I guess we'll wait to see what they actually stole when they post the ransom.
For example, if you select a target and collect information in order to tailor the attack, or you use inside information to prey on a flaw (such as security fatigue), that's at least more sophisticated than a typical phishing email.
Not that I disagree with your take about the PR angle.
> As in most phishing campaigns, the attacker sent out plausible-sounding prompts pointing employees to a website that cloned the behavior of our intranet gateway, in an attempt to steal credentials and second-factor tokens.
Creating a replication of their intranet gateway requires recon to know what gateway they use, (if they use a custom api) recreate that api, and finding who to actually send the fake page to.
I’d call this spear fishing. That’s sophistication. Recon and tailoring to the target is sophisticated. It may not be super complicated, but it shows sophistication.
Sophistication is a spectrum between ”hey mister, and I have your credentials?” and nationstate APT’s.
If you aren't using hardware auth to authenticate to corporate internal resources, your IT department is negligent or incompetent or both.
I literally have advanced protection turned on for a small four person single location retail operation I am involved with, simply for the PII of a few hundred people that they have to handle. The little USB/NFC fobs are $15.
There is no excuse other than incompetence.
But not using hardware based 2FA doesn't make the IT department, completely negligent or incompetent.
Most companies I know if they are using MFA are using Microsoft Authenticator soft tokens through their enterprise 365 environments.
You're right, it isn't. It's just Reddit admins lying through their teeth, it's their usual. Almost like they take most of the current Reddit userbase as braindead. (Spoilers: they might be right.)
In this specific case they're lying to not make it so obvious that they're pretty much incompetent to manage their site.
At the moment, it's the easiest way into a network. So everyone is doing it.
You might be good at cracking phishing simulation at your workplace, but many people won’t know if “amazon.example.com” or “example.amazon.com” is real. This is of course something good filter will pick up, but consider how hard it is to make sure 0 employees fall to the attack.
Also, even 2FA can get compromised with notification spam, that’s how it played out in one of the attacks couple of years ago.
You're confusing "sophisticated" with "efficient". Phishing is efficient but unsophisticated; it boils down to one of the oldest tricks ever, to make you believe that $foo is $bar.
Just because phishing is common, doesn't make it sophisticated.
nothing important
Reassuring if true.
Together with the contact info that could be basis for the next attack.

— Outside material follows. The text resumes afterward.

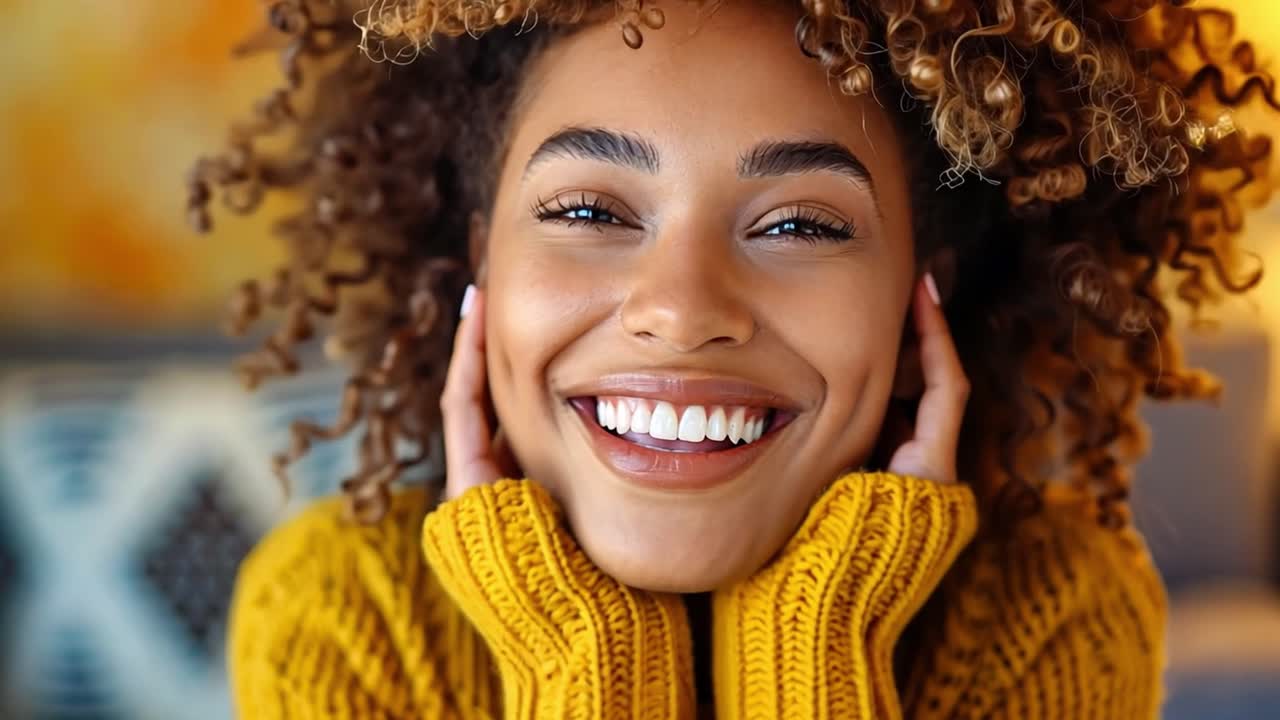 Close-up portrait of a happy woman with curly hair smiling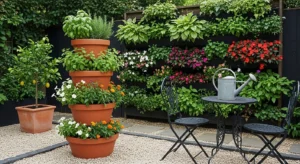 Vertical garden saving space outdoors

> in an attempt to steal credentials and second-factor tokens. > > After successfully obtaining a single employee’s credentials
So was the attempt to steal second-factor successful or was it the account of an employee without 2FA that was compromised?
Because then...
On the page as to how to set up 2FA linked from TFA:
https://reddithelp.com/hc/en-us/articles/360043470031-What-i...
> "After setup, you may be asked to log out and log back in to your account. Moving forward, you’ll need to enter a 6-digit code from your authenticator app every time you log in to Reddit."

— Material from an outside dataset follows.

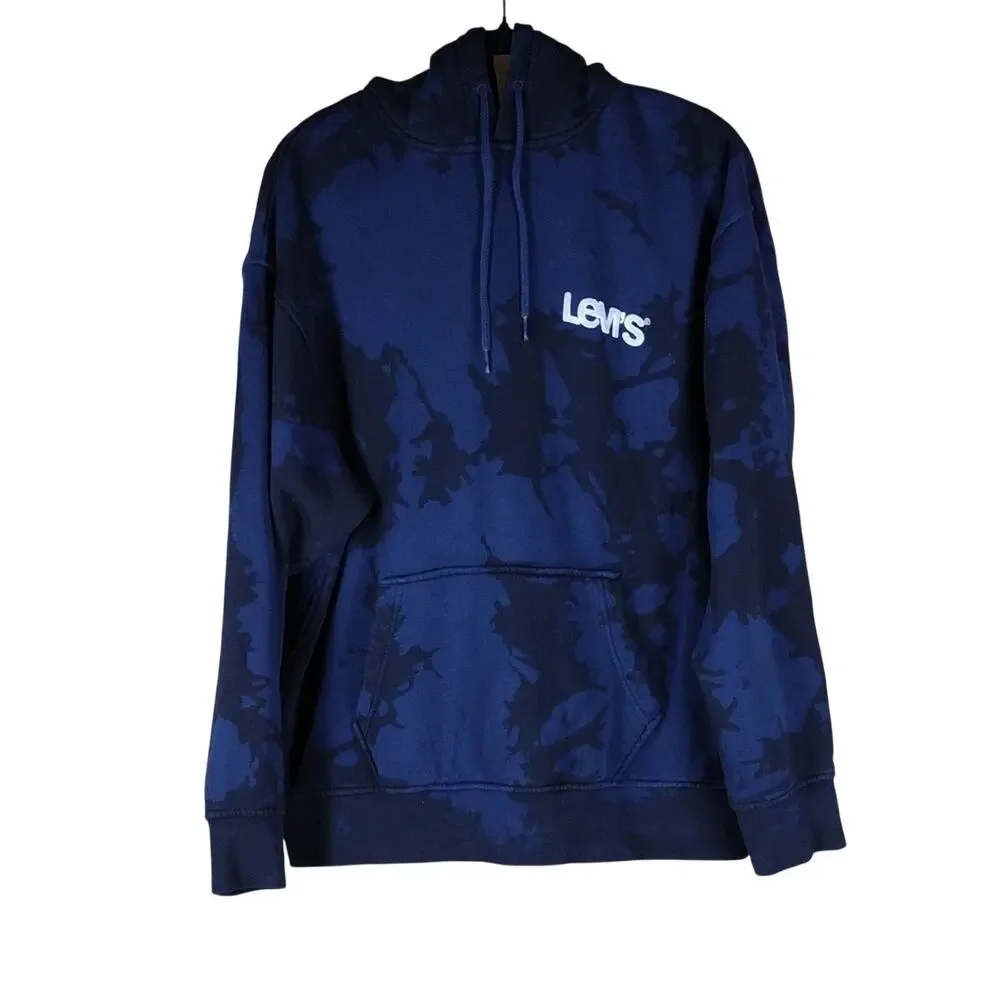 Levi’s Hoodie Men’s Large Navy Blue Tie-Dye Cotton Relaxed Casual Sweatshirt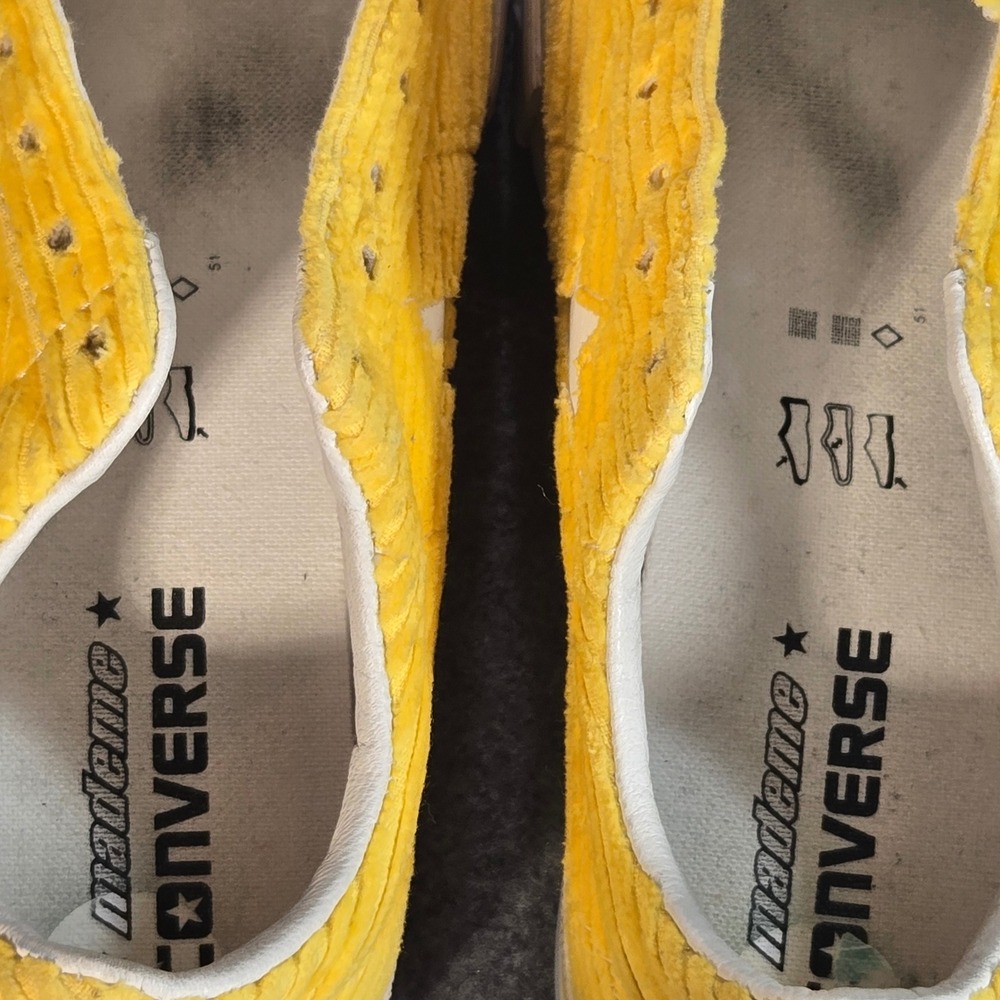 Rare Converse x MadeMe One Star Platform Yellow Corduroy Sneakers Womens 5.5 - Picture 9 of 10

There's 2FA and 2FA. TOTP like Google Authenticator giving these six digits are easy to phish.
I much prefer FIDO(2) devices and the webauthn protocol (Chrome doesn't even allow U2F anymore but webauthn is backward compatible with old security keys), especially when the device uses a different method for registering a service the first time and for then authenticating to that service (for example by using a different PIN for registering and for authenticating or by displaying on the device itself if you're registering or authenticating).